───── Recorded data

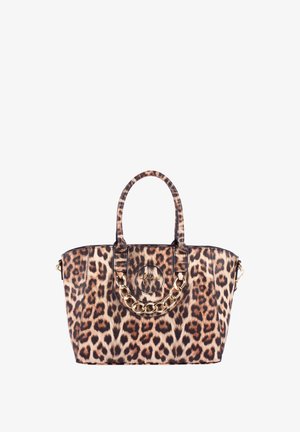 Tote taška s leopardím potiskem, dvojitými uchy, zlatým řetízkem a kulatým logem. Materiál vypadá hladce a má strukturovaný tvar.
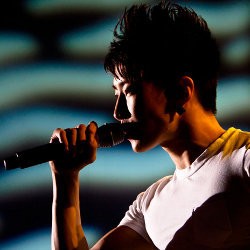 Acungkan Jari Tengah, Jay Park Didukung Fans di Instagram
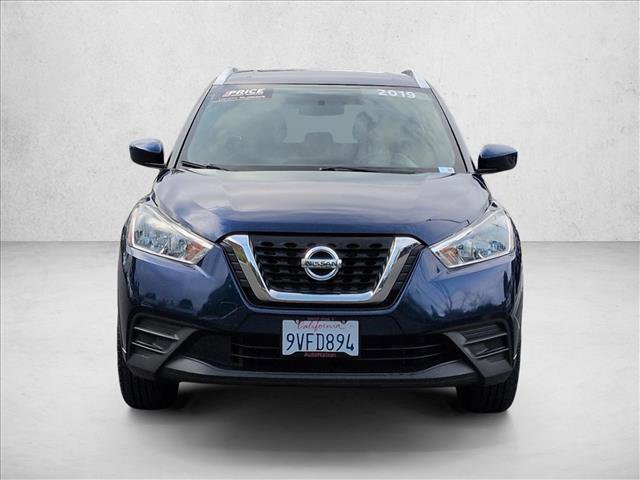 Used 2019 Nissan Kicks SV image 2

──────────

■ **Your goal**
Word for word, reproduce the listing above; no image should be carried over.

■ **Response area**
 Tote taška s leopardím potiskem, dvojitými uchy, zlatým řetízkem a kulatým logem. Materiál vypadá hladce a má strukturovaný tvar.
 Acungkan Jari Tengah, Jay Park Didukung Fans di Instagram
 Used 2019 Nissan Kicks SV image 2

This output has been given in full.